The term “ionic liquid” used here include not only salts which show liquid state at 100° C. (inclusive of salts which can be in liquid state at room temperature due to supercooling, notwithstanding their melting points or glass transition temperatures of not less than 100° C.) but also other salts which are brought into liquid state while forming one or more phases upon addition of a solvent thereto. The ionic liquid may basically be any ionic liquid that has an electron-acceptive functional group, and the organic solvent may fundamentally be any organic solvent that has an electron-donative functional group. The ionic liquid, typically, is one whose cation has an electron-acceptive functional group. The ionic liquid, preferably, includes an organic cation which has an aromatic amine cation having a quaternary nitrogen atom and which has a hydrogen atom in an aromatic ring, and an anion (inclusive of not only organic anions but also inorganic anions such as AlCl₄⁻ and FeCl₄⁻) which has a van der Waals volume of not less than 76 ų, the combination being non-limitative. The content of the ionic liquid in the solvent is selected according to the necessity; preferably, the ionic liquid is contained in a proportion of not less than 15 wt % and less than 100 wt %, based on the solvent which includes the ionic liquid and the organic solvent. The electron-donative functional group of the organic solvent, preferably, is an ether group or an amino group, which is a non-limitative example.
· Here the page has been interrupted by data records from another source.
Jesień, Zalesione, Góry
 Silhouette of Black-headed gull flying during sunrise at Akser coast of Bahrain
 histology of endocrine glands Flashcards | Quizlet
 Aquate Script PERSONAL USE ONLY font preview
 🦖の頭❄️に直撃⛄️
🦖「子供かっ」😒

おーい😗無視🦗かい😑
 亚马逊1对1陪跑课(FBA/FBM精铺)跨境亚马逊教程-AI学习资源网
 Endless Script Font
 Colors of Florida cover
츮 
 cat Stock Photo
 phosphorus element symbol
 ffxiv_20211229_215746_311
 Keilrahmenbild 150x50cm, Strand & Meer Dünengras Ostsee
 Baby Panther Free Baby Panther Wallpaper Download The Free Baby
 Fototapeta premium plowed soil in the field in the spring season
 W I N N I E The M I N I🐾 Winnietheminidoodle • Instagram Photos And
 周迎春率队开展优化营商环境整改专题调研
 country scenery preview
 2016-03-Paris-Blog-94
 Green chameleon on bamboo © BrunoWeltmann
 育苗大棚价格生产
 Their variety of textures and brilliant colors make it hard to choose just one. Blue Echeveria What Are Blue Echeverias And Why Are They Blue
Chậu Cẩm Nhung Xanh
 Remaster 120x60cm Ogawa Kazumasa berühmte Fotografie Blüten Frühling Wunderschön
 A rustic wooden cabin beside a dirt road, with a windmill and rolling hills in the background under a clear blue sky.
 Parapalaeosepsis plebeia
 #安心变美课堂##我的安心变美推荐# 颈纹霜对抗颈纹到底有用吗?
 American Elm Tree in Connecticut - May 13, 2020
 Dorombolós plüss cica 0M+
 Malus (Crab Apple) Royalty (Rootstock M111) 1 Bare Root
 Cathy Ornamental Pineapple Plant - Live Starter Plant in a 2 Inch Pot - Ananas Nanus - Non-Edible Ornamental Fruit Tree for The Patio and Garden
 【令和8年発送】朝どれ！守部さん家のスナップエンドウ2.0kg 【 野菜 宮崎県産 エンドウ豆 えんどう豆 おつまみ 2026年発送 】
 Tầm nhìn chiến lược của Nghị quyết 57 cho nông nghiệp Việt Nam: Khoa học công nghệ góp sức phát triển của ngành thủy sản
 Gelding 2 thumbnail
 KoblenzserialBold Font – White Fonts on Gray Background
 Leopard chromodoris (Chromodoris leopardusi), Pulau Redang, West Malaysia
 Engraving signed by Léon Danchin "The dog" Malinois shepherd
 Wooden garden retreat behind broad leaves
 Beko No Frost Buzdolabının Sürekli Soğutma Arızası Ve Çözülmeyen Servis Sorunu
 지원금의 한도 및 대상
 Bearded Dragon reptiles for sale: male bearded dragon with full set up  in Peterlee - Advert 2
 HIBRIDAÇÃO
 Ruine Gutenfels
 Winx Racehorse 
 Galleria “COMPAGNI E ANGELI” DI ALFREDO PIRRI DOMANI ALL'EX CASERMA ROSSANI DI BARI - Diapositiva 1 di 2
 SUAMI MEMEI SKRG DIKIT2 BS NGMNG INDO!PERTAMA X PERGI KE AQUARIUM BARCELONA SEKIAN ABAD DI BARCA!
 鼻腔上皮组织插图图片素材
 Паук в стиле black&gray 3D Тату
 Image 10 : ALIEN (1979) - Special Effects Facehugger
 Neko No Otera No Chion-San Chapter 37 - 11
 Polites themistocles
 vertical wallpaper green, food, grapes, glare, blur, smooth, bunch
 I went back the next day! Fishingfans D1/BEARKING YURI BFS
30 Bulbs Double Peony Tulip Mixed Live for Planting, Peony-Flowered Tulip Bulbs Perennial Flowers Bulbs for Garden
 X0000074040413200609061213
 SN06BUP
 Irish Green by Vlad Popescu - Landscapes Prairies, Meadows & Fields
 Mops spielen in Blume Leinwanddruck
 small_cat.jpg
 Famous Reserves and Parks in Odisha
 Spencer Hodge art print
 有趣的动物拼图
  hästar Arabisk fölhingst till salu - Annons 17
As above-mentioned, the solvent of the electrolyte solution contains an ionic liquid having an electron-acceptive functional group and an organic solvent having an electron-donative functional group, and this produces the following effect. In the solvent of the electrolyte solution, a hydrogen bond is formed between the electron-acceptive functional group of the ionic liquid and the electron-donative functional group of the organic solvent. Since the molecule of the ionic liquid and the molecule of the organic solvent are coupled together through the hydrogen bond, volatilization of the organic liquid and, hence, of the electrolyte solution can be restrained, as compared with the case where the organic solvent is used alone. Besides, since the solvent of the electrolyte solution contains the organic solvent in addition to the ionic liquid, the viscosity coefficient of the electrolyte solution can be lowered and deterioration of photoelectric conversion characteristics can be prevented, as compared with the case where the ionic liquid alone is used as solvent. Accordingly, it is possible to realize a photoelectric conversion element in which volatilization of the electrolyte solution can be restrained and excellent photoelectric conversion characteristics can be obtained.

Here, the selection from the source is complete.